## What to produce:
Repeat these records exactly, pictures excluded.

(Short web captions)
————

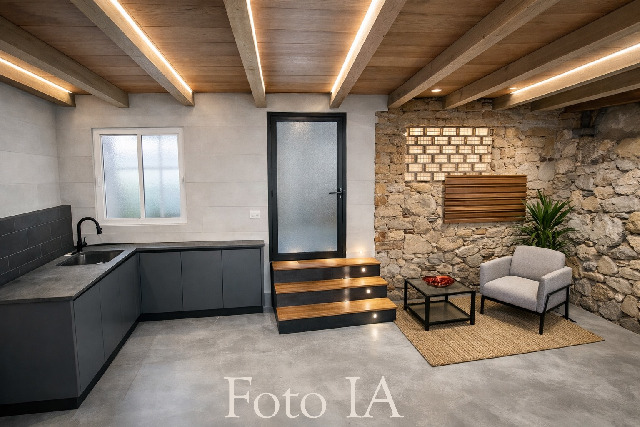 Imagen 34 Inmueble 298656 - Casa Rústica en venta en Castelló De Rugat / Cerca del ayuntamiento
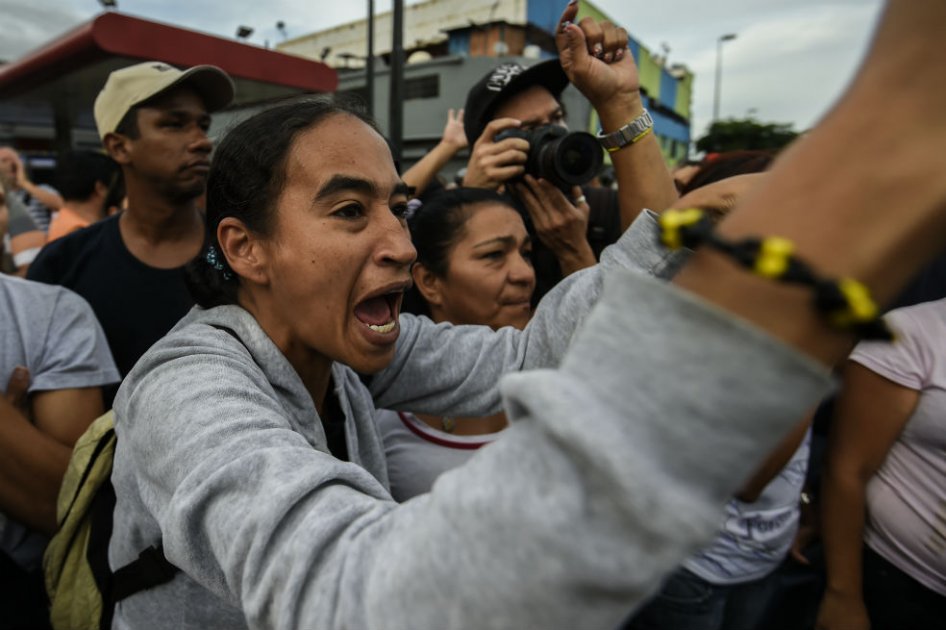 / AFP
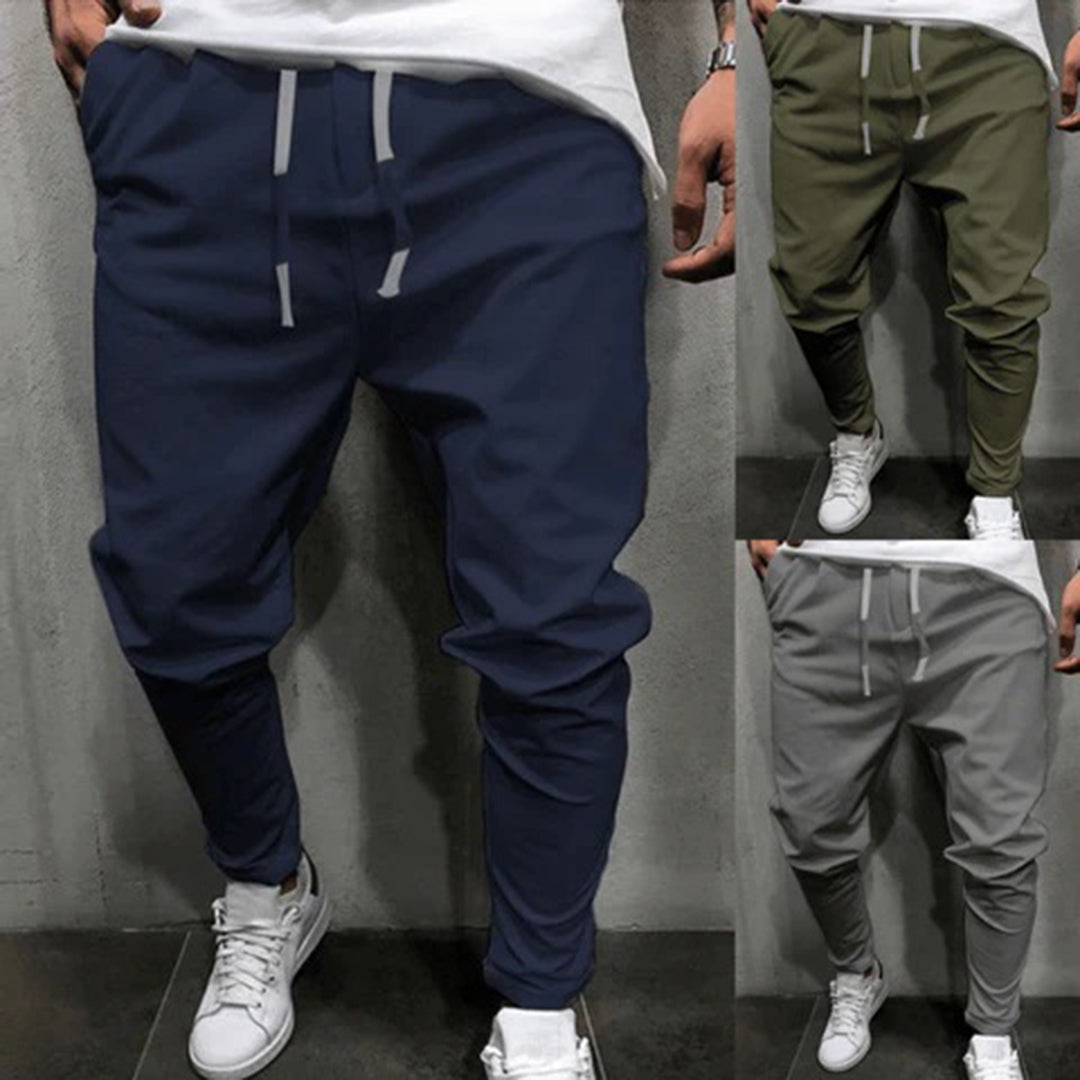Vanmeeren™ | Comfy Jogger Fit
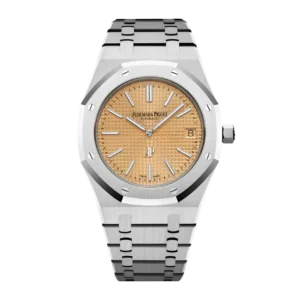 Audemars Piguet Royal Oak 39mm Ref. 15202BC.OO.1240BC.01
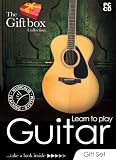 GSP Giftbox Collection: Learn to Play Guitar (PC)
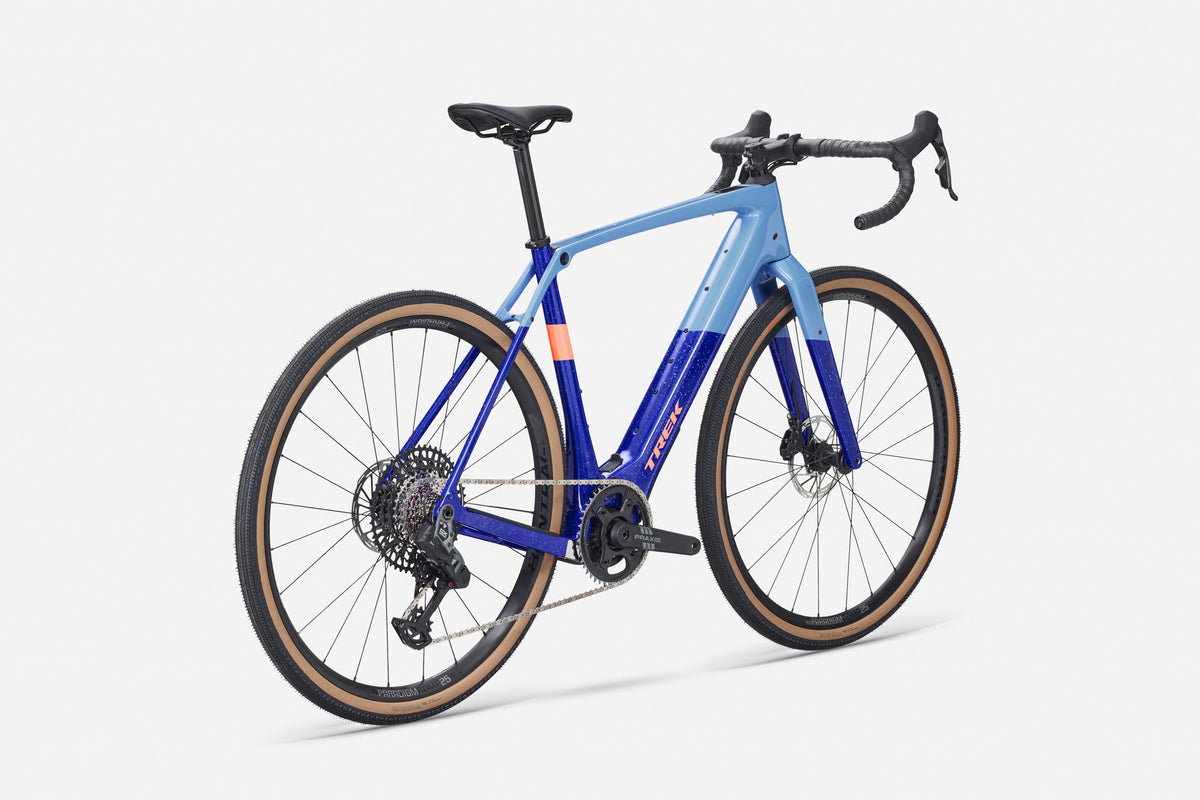 Trek Checkpoint+ SL 6 AXS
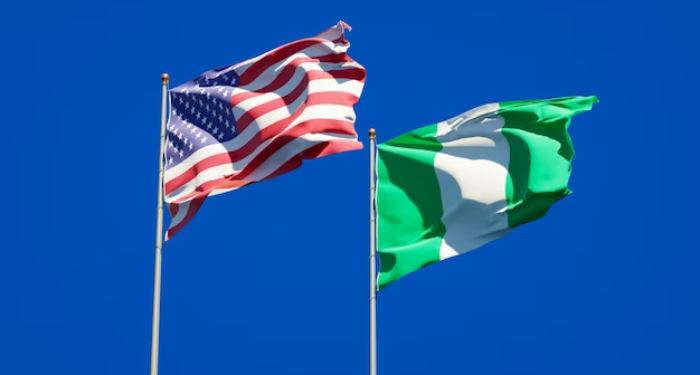 Nigeria US Visa Policy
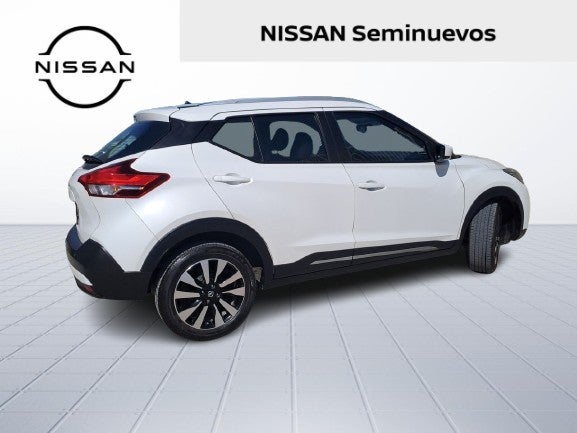 2020 Nissan KICKS ADVANCE 1.6 LTS CVT A/C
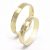 Arany karikagyűrű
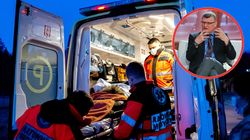 Mamy nowe wieści ze szpitala w Olsztynie. Mówią, kim jest zakażony z błonicą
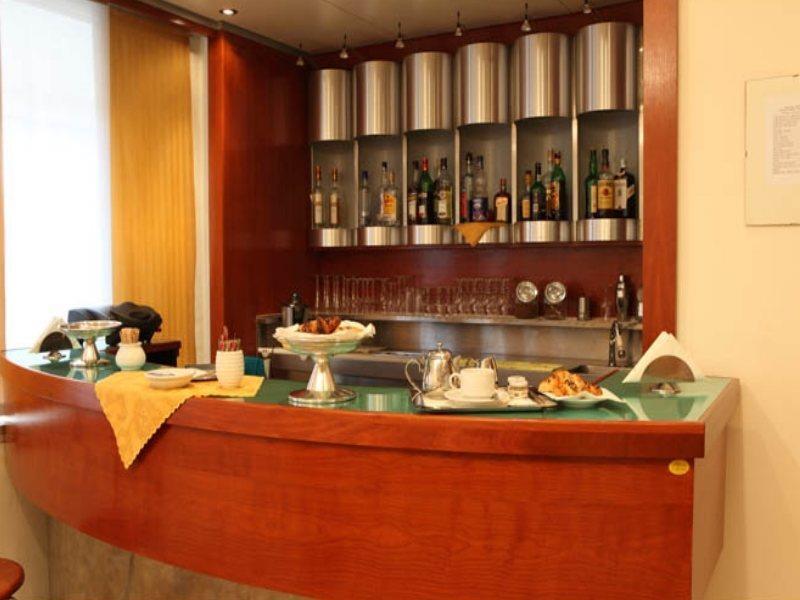 Hotel Lux Alessandria Eksteriør bilde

————

## Reply:
 Imagen 34 Inmueble 298656 - Casa Rústica en venta en Castelló De Rugat / Cerca del ayuntamiento
 / AFP
Vanmeeren™ | Comfy Jogger Fit
 Audemars Piguet Royal Oak 39mm Ref. 15202BC.OO.1240BC.01
 GSP Giftbox Collection: Learn to Play Guitar (PC)
 Trek Checkpoint+ SL 6 AXS
 Nigeria US Visa Policy
 2020 Nissan KICKS ADVANCE 1.6 LTS CVT A/C
 Arany karikagyűrű
 Mamy nowe wieści ze szpitala w Olsztynie. Mówią, kim jest zakażony z błonicą
 Hotel Lux Alessandria Eksteriør bilde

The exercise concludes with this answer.